Bondowoso – Langkah strategis menuju pembangunan ekonomi daerah berkelanjutan ditandai dengan penandatanganan kesepakatan Kebijakan Standar Anggaran serta Prioritas dan Plafon Anggaran Sementara (KUA-PPAS) APBD 2026 antara Pemerintah Kabupaten (Pemkab) Bondowoso dan DPRD Bondowoso, Senin (3/11/2025). Rapat paripurna tersebut digelar di ruang Penting DPRD dan berlangsung penuh nuansa kolaboratif.
Juru bicara Badan Anggaran (Banggar) DPRD Bondowoso, Tohari, menjelaskan bahwa penyusunan Berkas KUA-PPAS tahun 2026 berpedoman pada tema pembangunan daerah: “Penguatan Ekonomi Lokal Berbasis Hasil karya dan Kemandirian Menuju Pertumbuhan Inklusif dan Berkelanjutan.” Ia memastikan bahwa seluruh arah kebijakan telah disinergikan dengan Rencana Kerja Pemerintah Daerah (RKPD) serta prioritas pembangunan Provinsi Jawa Timur.
“Seluruh Berkas telah disinergikan dengan RKPD dan prioritas pembangunan provinsi,” ujar Tohari dalam rapat tersebut.
Ia menambahkan bahwa pembahasan antara Banggar dan Tim Anggaran Pemerintah Daerah (TAPD) berfokus pada strategi peningkatan Pendapatan Asal Daerah (PAD). Salah satu upaya konkret adalah penerapan digitalisasi pajak hotel dan restoran guna menekan potensi kebocoran pendapatan daerah.
Selain itu, DPRD juga menyoroti perlunya Pengkajian terhadap penerimaan Bea Perolehan Hak atas Tanah dan Bangunan (BPHTB) yang dinilai belum optimal. “Kami Mau seluruh sumber pendapatan daerah Betul-Betul memberi manfaat bagi masyarakat,” tegasnya.
Dalam rapat yang dihadiri pimpinan OPD dan Member legislatif itu, DPRD turut menekankan pentingnya sinergi lintas sektor dalam memperkuat fondasi ekonomi lokal. Kerja sama Pemkab dengan BUMN seperti PTPN dan Perhutani disebut perlu ditinjau kembali agar memberi kontribusi Konkret terhadap PAD.

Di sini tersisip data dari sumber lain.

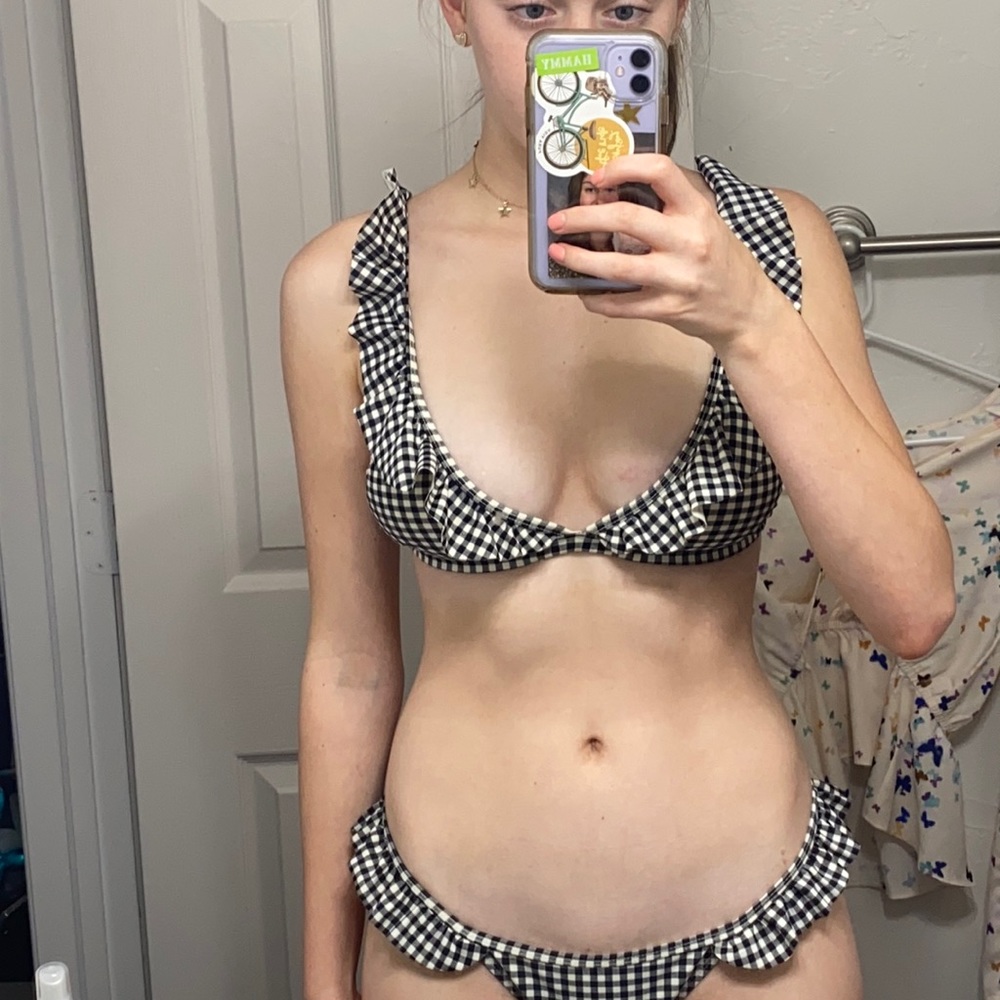 gingham ruffle bikini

Pemanfaatan aset daerah juga menjadi sorotan Penting. Salah satu aset berupa lahan bengkok seluas 38 hektare diusulkan Buat dikelola lebih produktif dan transparan. “Aset ini Bukan boleh menganggur, tapi harus memberi nilai tambah bagi ekonomi Kaum,” kata Tohari menegaskan.
Banggar DPRD turut menekankan pentingnya pemberdayaan ekonomi rakyat. Sedikitnya 38 ribu pelaku UMKM di Bondowoso akan menjadi Pusat perhatian pengembangan agar dapat memperluas lapangan kerja dan memperkuat struktur ekonomi desa. Dukungan pembiayaan, pelatihan, serta penguatan pasar lokal disebut menjadi kunci dalam strategi tersebut.

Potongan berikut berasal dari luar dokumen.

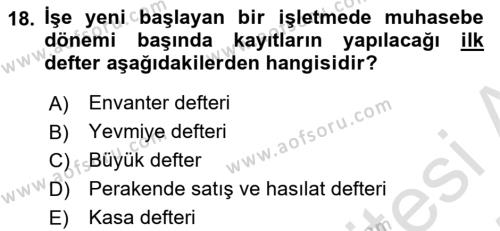 Envanter ve Bilanço Dersi 2024 - 2025 Yılı (Vize) Ara Sınavı 18. Soru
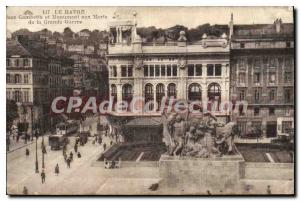 Old Postcard Le Havre Place Gambetta and War Memorial of the Great War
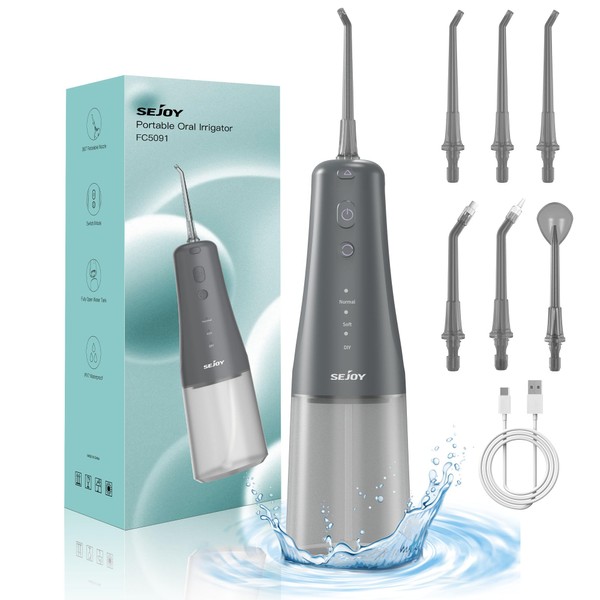 Water Flossers for Teeth Cordless, Portable Water Flosser, Oral Irragator Floss Water Jet, for Teeth Cleaning Kit, Professional Electric Water Deantal Pik, 4 Mode 6 Tips, Idropulsore 300mL Water Tank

Salah satu agenda prioritas lainnya adalah percepatan implementasi Perda Nomor 2 Tahun 2018 tentang Pengembangan Klaster Kopi. Mengingat kopi Bondowoso telah menjadi ikon unggulan daerah yang dikenal hingga tingkat nasional dan Global, DPRD menilai sektor ini berpotensi besar dalam mendorong ekspor dan pariwisata berbasis pertanian.
Tohari menutup laporannya dengan menyatakan bahwa seluruh pembahasan KUA-PPAS 2026 telah sesuai dengan ketentuan perundangan dan siap menjadi dasar penyusunan RAPBD 2026. “Kesepakatan ini menjadi langkah strategis Buat mewujudkan Bondowoso Berkah — daerah yang Independen, berdaya saing, dan sejahtera,” pungkasnya.